Thatcher was famously tough on British labor unions, IRA hunger strikers, the Soviet Union and the war with Argentina over the Falkland Islands. So in the film, when visiting U.S. Secretary of State Alexander Haig questions Thatcher's knowledge of war, the then-prime minister's response is predictably unyielding.
"With all due respect, sir, I have done battle every single day of my life and many men have underestimated me before," says Thatcher, played by Meryl Streep. "This lot seem bound to do the same, but they will rue the day."
The Iron Lady sets itself apart from many other biopics in that it tells the story of a woman who is still alive and still a divisive figure. Phyllida Lloyd, the film's director, tells NPR's Melissa Block that she was moved to tell Thatcher's story because of how larger-than-life the former prime minister is.
"It's a sort of mythic story of somebody who came from [a] very humble background to somebody who became a global superstar and then was brought down, as she saw it, by the treachery of her colleagues," Lloyd says. "It's a sort of ... Shakespearean tale."
'The Magnitude Of Margaret Thatcher'
Lloyd chose Meryl Streep to fill the role of her larger-than-life character in part because of what the actress and Thatcher had in common.
"We wanted somebody of the magnitude of Margaret Thatcher," Lloyd says. "I think Meryl being the outsider [as an American playing a British role] was also something that really was immensely powerful when we were shooting the film."
Just as Thatcher had worked to perfect her persona — changing her voice, hair and costume — Streep worked to perfect her performance of Thatcher. The actress tells Block that the biggest challenge she faced was re-creating the might of Thatcher's speech.
"She had enormous reserves of stamina, will, determination. So how she said what she said was actually who she was," Streep says of the former prime minister. "There was a key in that."
Still, how she said what she said didn't exactly come naturally. Streep says first Thatcher worked on losing her Lincolnshire accent; then she had to lose the light, airy voice she had acquired at Oxford — a voice that tended to screech when raised.
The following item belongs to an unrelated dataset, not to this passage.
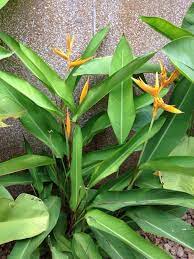 Pin Em Mygardenanswers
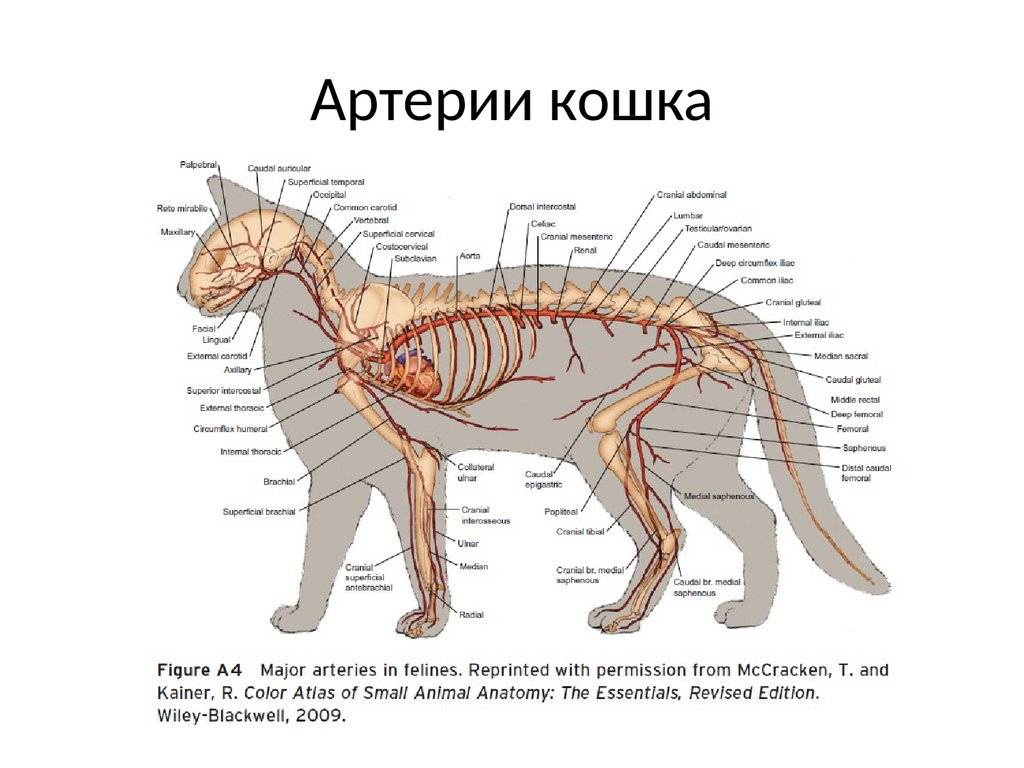 Краткий экскурс в мир кошачьей анатомии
To accomplish all that, Thatcher started seeing a vocal coach.
Lloyd says, "She is supposed to have followed the gentleman who taught her exercises so assiduously that she ended up being pitched halfway between a woman and a man."
'A Moment Of Belief'
Lloyd's film relives real moments of Thatcher's life — moments that have translated into memories for the English people who witnessed them. Once such moment is the first speech Thatcher delivered as prime minister on the steps of No. 10 Downing St.
Paraphrasing St. Frances of Assisi, Thatcher told the crowd, "Where there is discord, may we bring harmony. Where there is error, may we bring truth. Where there is doubt, may we bring faith. And where there is despair, may we bring hope."
Streep gives that same speech in the film and she says being able to convincingly deliver those words has everything to do with actually feeling like the character — or feeling like someone else.
"There is a point in the process where I don't distinguish between whether I'm doing her or I'm being me. I feel like me and I sound like her," she says. "That's something that if I'm lucky happens early on in the process."
Streep says that for this film, she experienced that moment during her first rehearsal with Jim Broadbent, who plays Margaret's husband, Denis Thatcher.
"I said something trying out my way of speaking and he laughed. But he didn't laugh like he was laughing at the way I said it, he laughed as if Margaret surprised him. And it was just a moment of belief where I knew he believed me and I knew he sort of loved her in spite of how preposterous she sounded," Streep says. "And that was everything."